Beginning at the line containing "You can do this with any", give again every line through the end of the data, unchanged and with both ends included. Drop any pictures.
----- Material provided
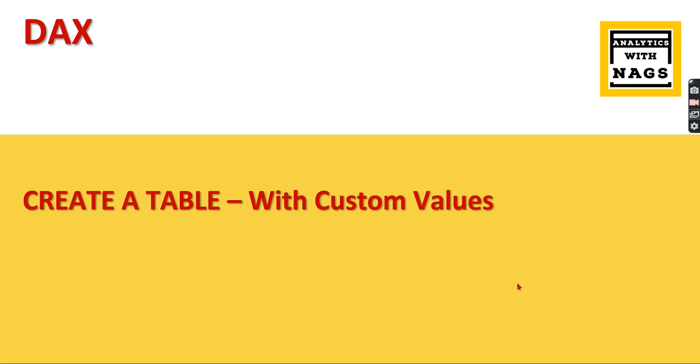Welcome to Analytics with Nags. In this video I'm going to talk about how to create a custom table or calculated table in DAX with some custom values. Basically, while you are learning DAX or Power BI, you will learn that you need to create some custom table or calculated table that contains some list of values.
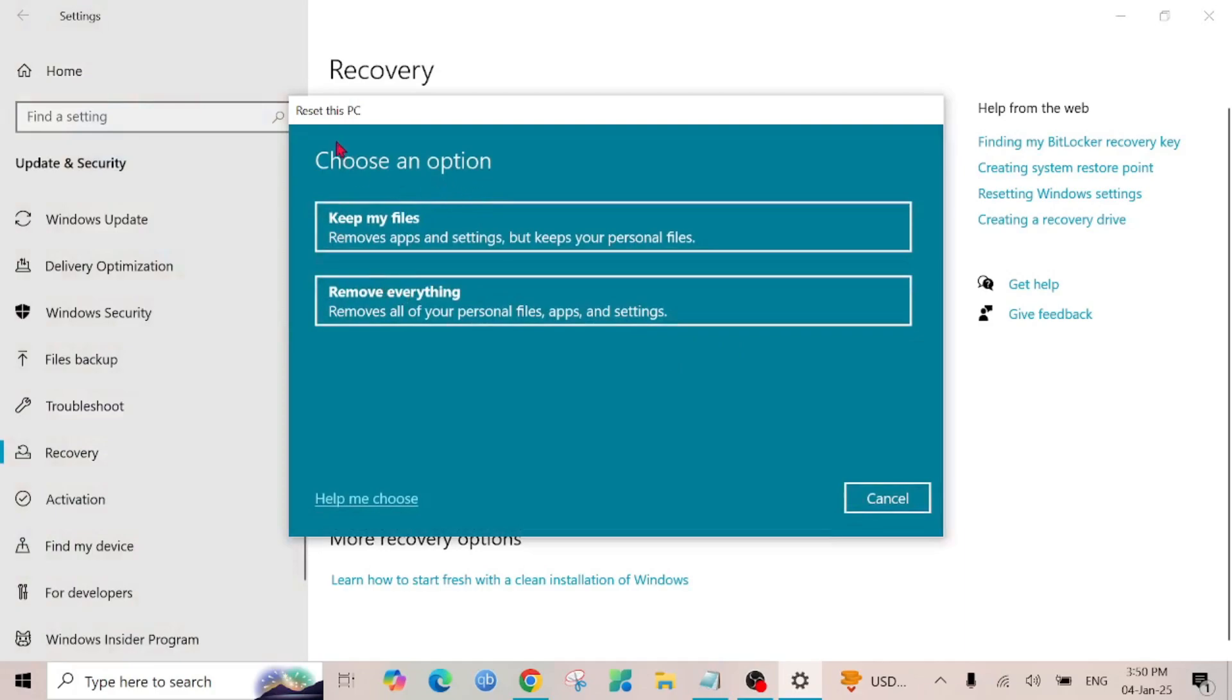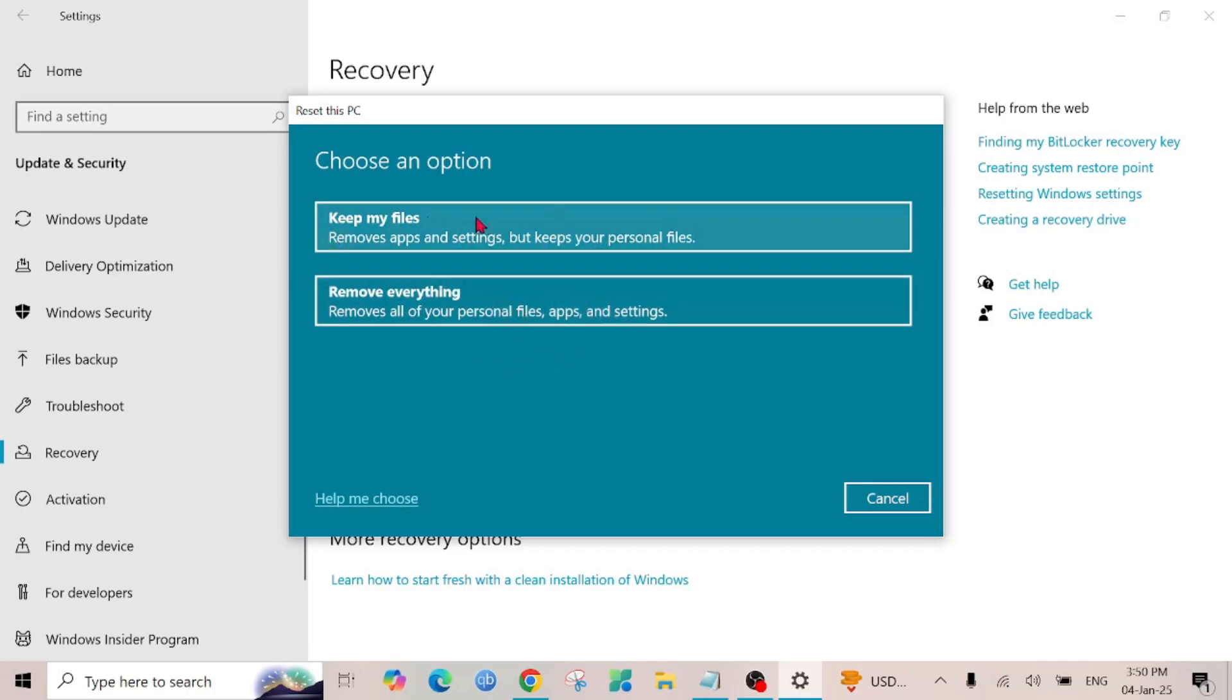And after that you will get two options. If you want to keep your files you can click this option, but if you want to remove everything from your PC click this option. But I'm going to keep my files, so I'm going to click Keep my files.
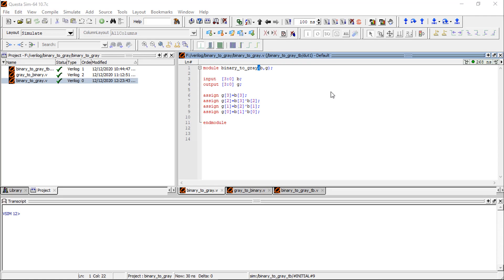In this video, you will be able to learn the Verilog code for the binary-to-gray converter and gray-to-binary converter. This is for a 4-bit input.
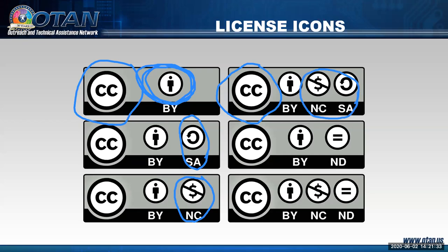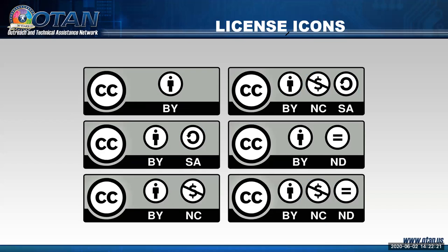Each license icon means something different. For example, one has the letters NC underneath it with a circle containing a dollar sign and a slash through it — that means no commercial use. Another has SA — share alike. This matters because as a creator you have a choice in how to license your work, and as a user you need to know how you can use someone else's CC-licensed work.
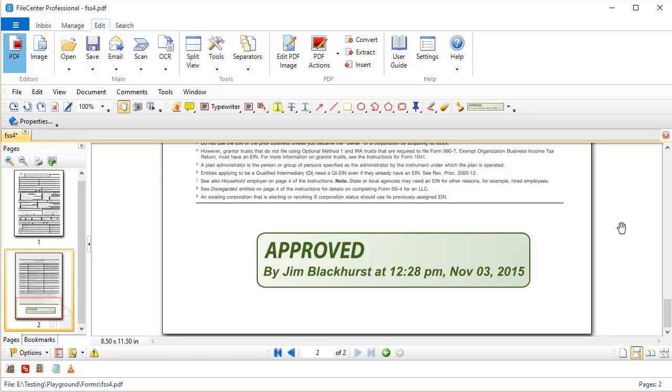Now I want to reiterate, you can't create these dynamic stamps inside of FileCenter. Typically this is something that you need to buy. There are places on the web where you can buy dynamic stamp sets for Adobe Acrobat. Any stamp set that you find that's compatible with Adobe Acrobat is also going to be compatible in FileCenter. And you can now see how to import those and how to make use of those in FileCenter. Not necessary, but a nice thing.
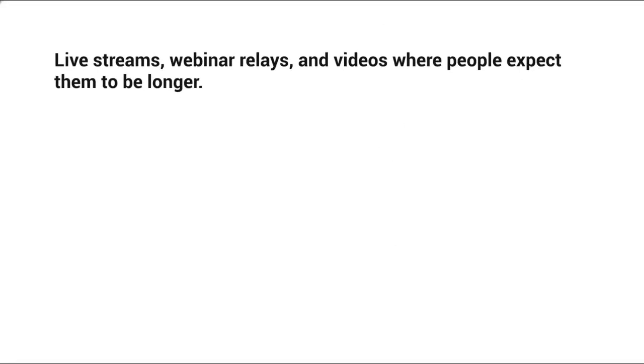You have webinar replays and videos where people expect them to be longer. In other words, people are expecting these to be longer. If you make a normal video that people expect to be five minutes and you make it an hour, you're not really going to hit that 50%.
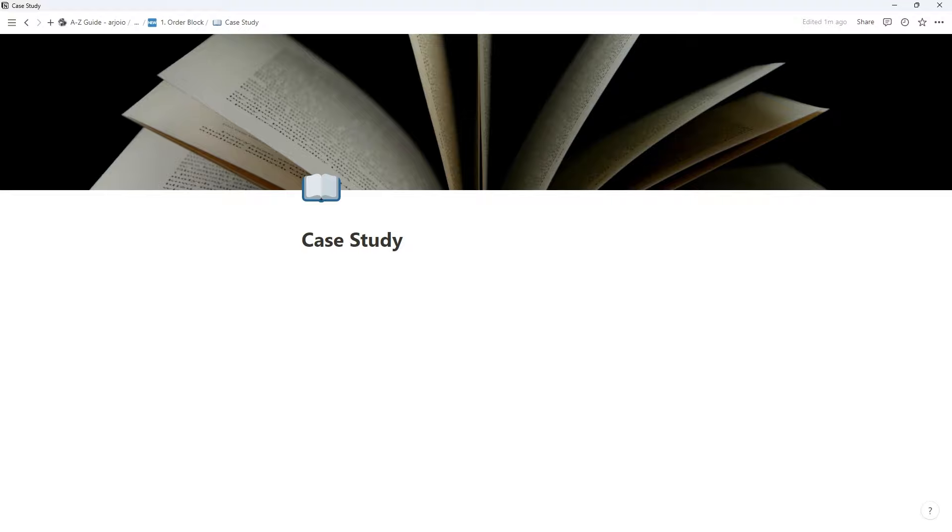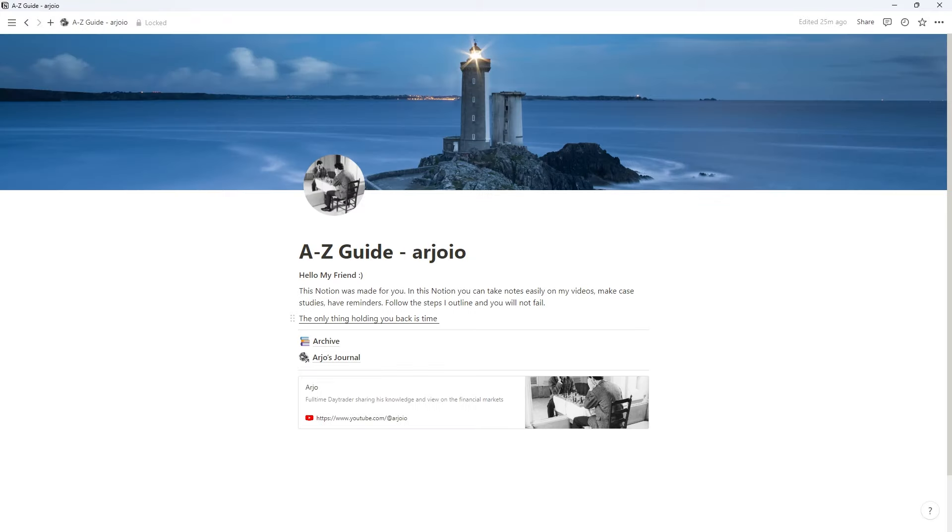Now if I go back to the first page, the only thing holding you back is time. Submit to time, submit to the process.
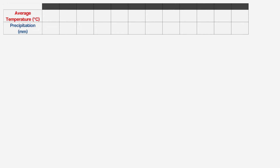Then we just have the months of the year across the top of the table. So we can easily see that in January the average temperature is 4.8 degrees Celsius and 59 millimetres of precipitation falls on average. February is a little warmer with an average of 4.9 degrees Celsius and it's a bit drier with an average of 50 mil of precipitation, and so on.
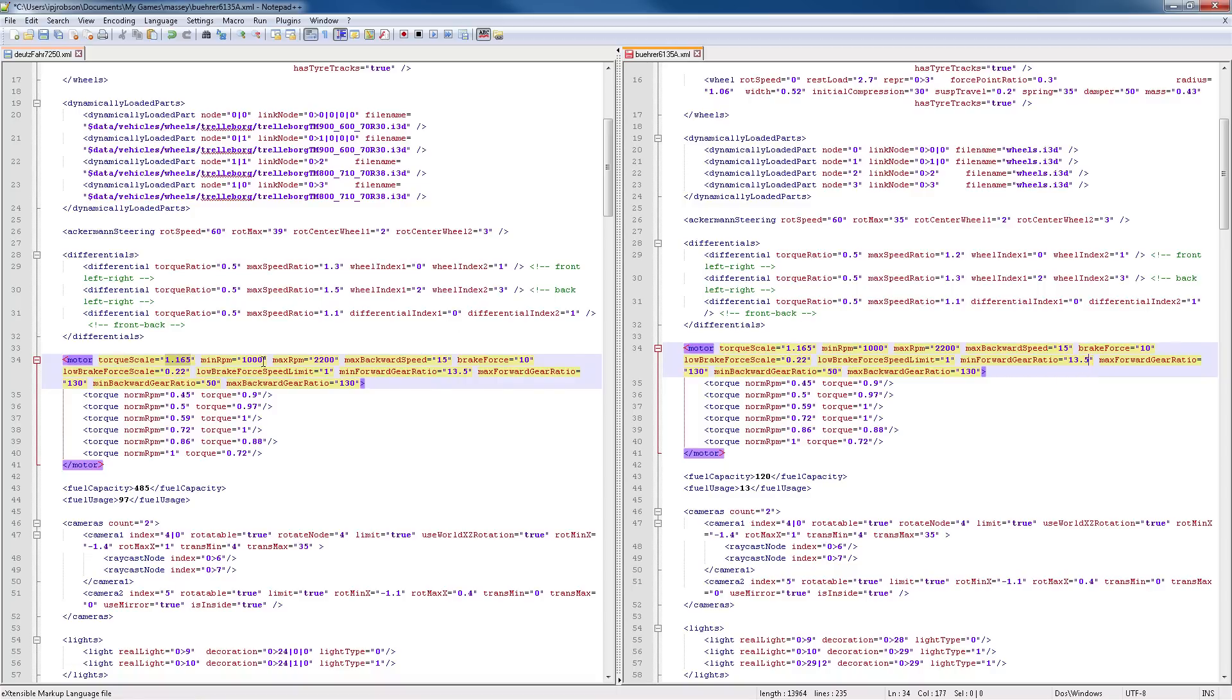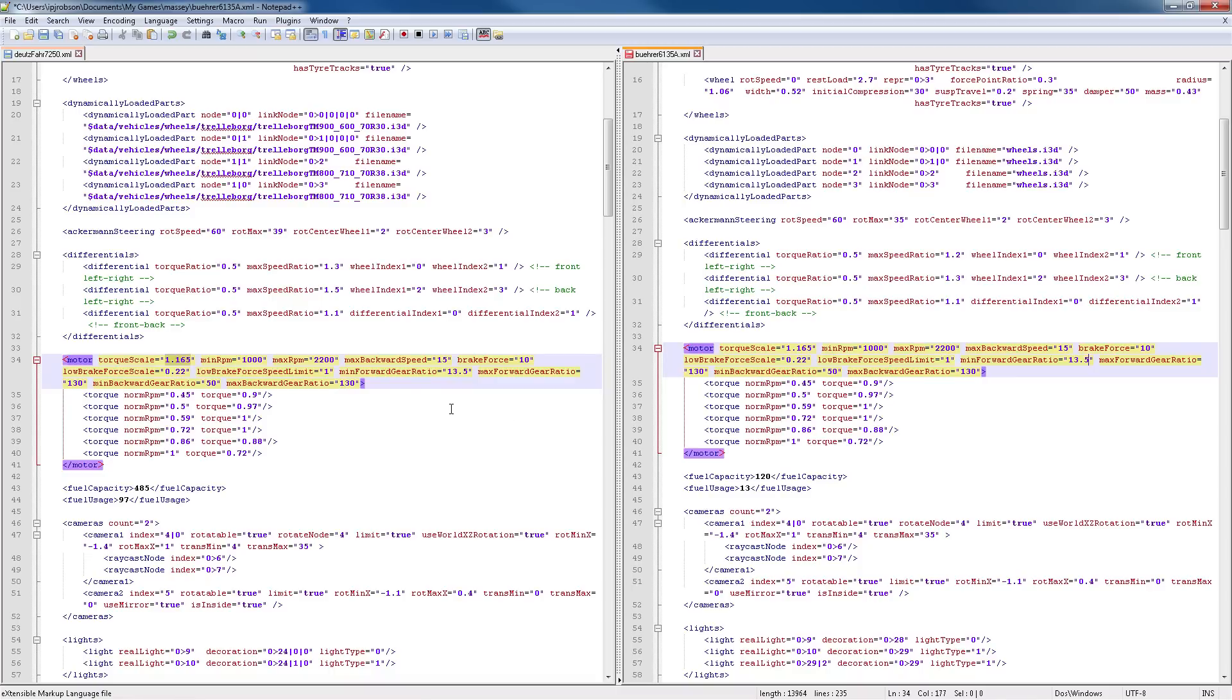You can do this with any other tractor you like. For example, this is supposed to be a 260 horsepower tractor, and the Dutzfahr is approximately a 260 horsepower tractor as well. You can do this with other tractors of higher or lower horsepower and adjust it accordingly.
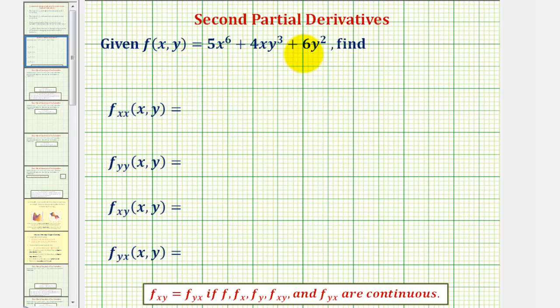We're given f of x comma y, and we're asked to find the following second order partial derivatives. But before we find the second order partial derivatives, we need to find the first order partial derivatives.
----------
▸ **Your solution**:
You can do this with any other tractor you like. For example, this is supposed to be a 260 horsepower tractor, and the Dutzfahr is approximately a 260 horsepower tractor as well. You can do this with other tractors of higher or lower horsepower and adjust it accordingly.
We're given f of x comma y, and we're asked to find the following second order partial derivatives. But before we find the second order partial derivatives, we need to find the first order partial derivatives.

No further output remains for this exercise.